Tesla also beat its expected revenue of $2.13 billion, as the company reported sales of $2.28 billion. However, a bigger share of the focus is on two other items that Tesla revealed during its earnings report for the fourth quarter and full-year 2016.
Tesla Plans 3 More Gigafactories
Tesla currently has two Gigafactories. One Gigafactory is located in New York, where Tesla is teaming up with Panasonic to produce solar cells and modules that will be used for solar panels and solar glass tile roofs. The other Gigafactory is the one in Nevada, where Tesla is expected to produce its upcoming Model 3 electric vehicle.
In a letter to shareholders, Tesla said that it is planning to finalize the locations of up to three more Gigafactories within the year. There is no information yet on possible locations for the facilities, as the spotlight currently remains on the Nevada Gigafactory and the pending production start of the Model 3.

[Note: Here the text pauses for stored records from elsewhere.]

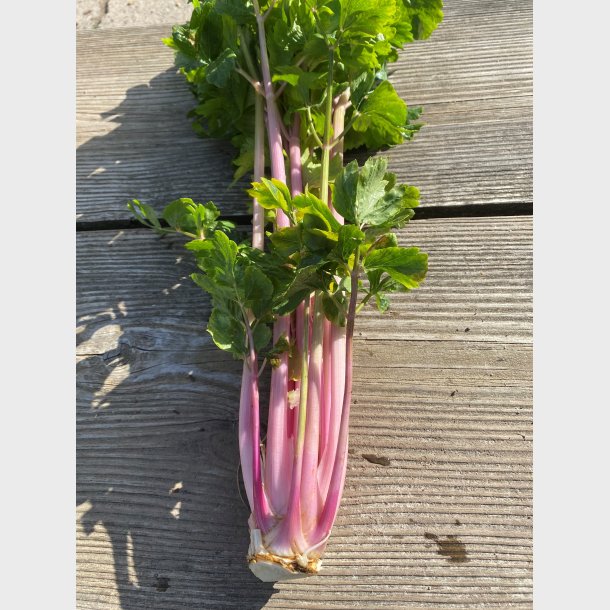 Pink bladselleri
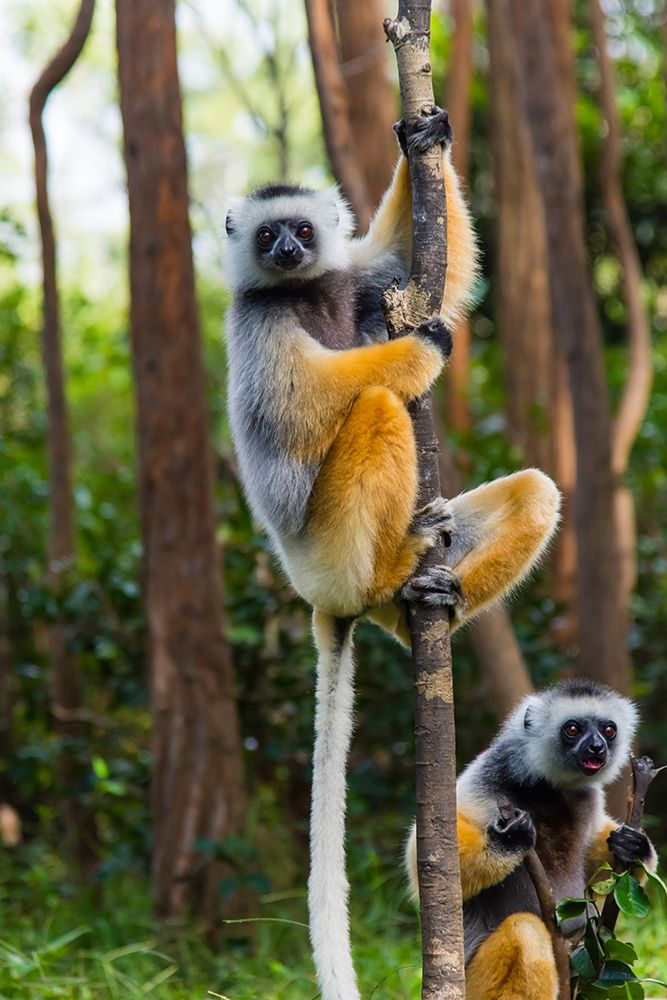Madagascar-Andasibe-Vakona Lodge-Lemur Island Diademed sifakas in a tree
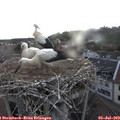 20_50-nest.jpg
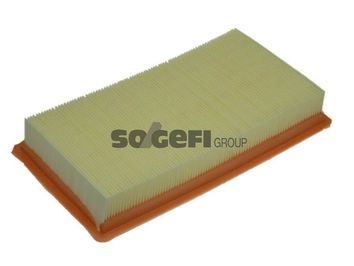 FILTRO AR RENAU CLIO II/MEGANE 1.9 D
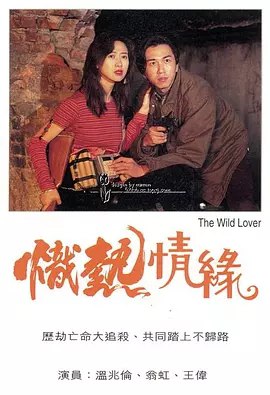 炽热情缘 (1995) 1080P 粤语 - 百度网盘 资源封面图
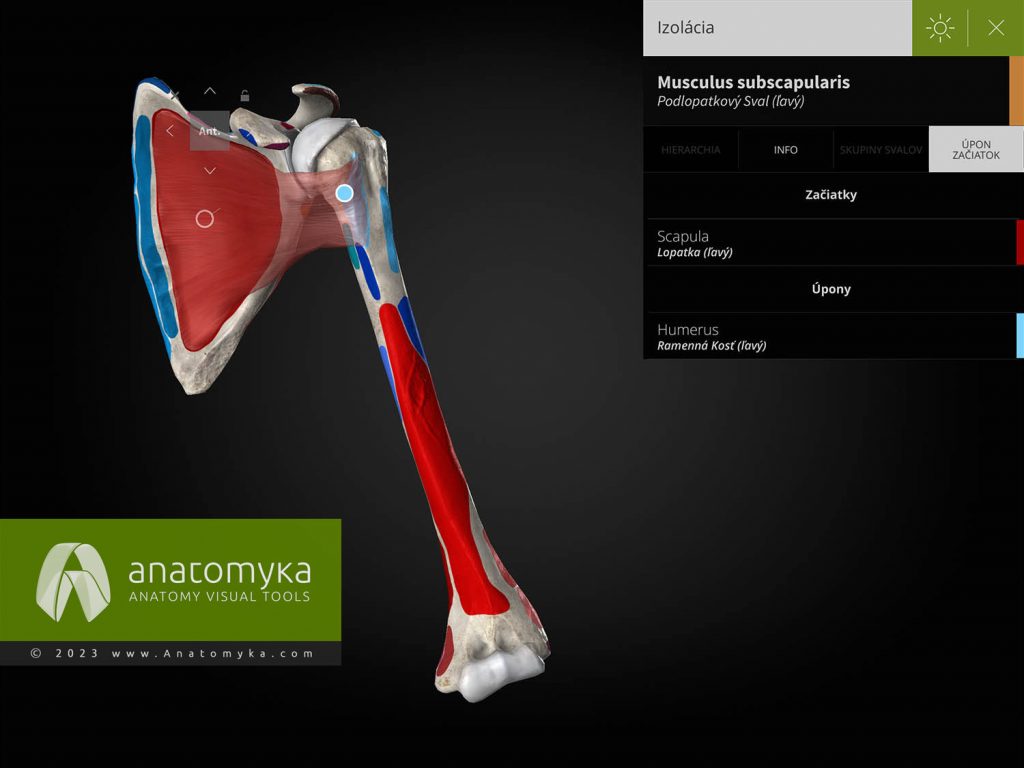 Anatomyka - aplikácia pre výučbu anatómie človeka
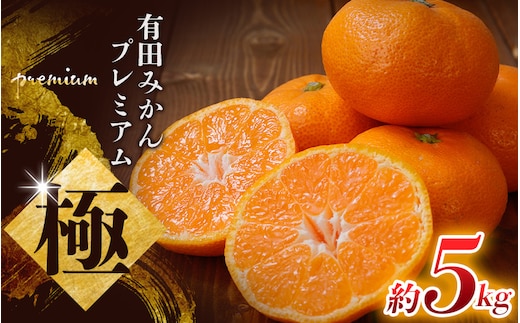  ＼光センサー選別／極 有田みかんプレミアム 約5kg【光センサー 高糖度選別品】2S～Lサイズ 有機質肥料100% ※2025年11月下旬頃～2026年1月上旬頃に順次発送予定 ※北海道・沖縄・離島への配送不可 【nuk155F】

Tesla To Start Model 3 Production In July
In addition to its plans for up to three more Gigafactories, Tesla noted in the shareholder letter that it is on track to start limited production of the mass-market Model 3 electric vehicle by July. Volume production for the Model 3, meanwhile, is expected to begin in the fourth quarter, ramping up to 5,000 vehicles per week in the period and further up to 10,000 vehicles per week by next year.
Tesla's announcement that it is on track for its Model 3 production plans offers relief for investors, who believe that the mass-market model of the company's electric vehicles presents a chance for the company to swing into profitability.
The stock price of Tesla has been surging recently, with a 43 percent increase over the past three months and rising another 3 percent in extended trading after the company released its earnings report. However, the company has been burning through cash, losing $448 million from operating activities in last year's fourth quarter while planning additional capital expenses of $2 billion to $2.5 billion before the Model 3 is launched.
No Guidance On Vehicle Deliveries For 2017
Interestingly, Tesla did not issue guidance on how many vehicles the company is planning to deliver for the full year.
Guidance for 2016 was 80,000 to 90,000 delivered vehicles, and Tesla fell short of that, as the company was only able to deliver 76,230 vehicles to customers last year. The company noted that for the fourth quarter of 2016, about 2,750 vehicles were not counted as deliveries because customers had not yet physically received the vehicles. If these would be added to the delivery count, Tesla would have come just a shade under its target for 2016.
Tesla now claims that it will deliver 47,000 to 50,000 vehicles, combined for the Model S and Model X, over the first half of this year, representing 61 percent and 71 percent growth, respectively, compared to the first half of last year.
Nevertheless, the focus is now on whether Tesla will be able to meet the high demand for the Model 3 and if the company will be able finally report a profit this year.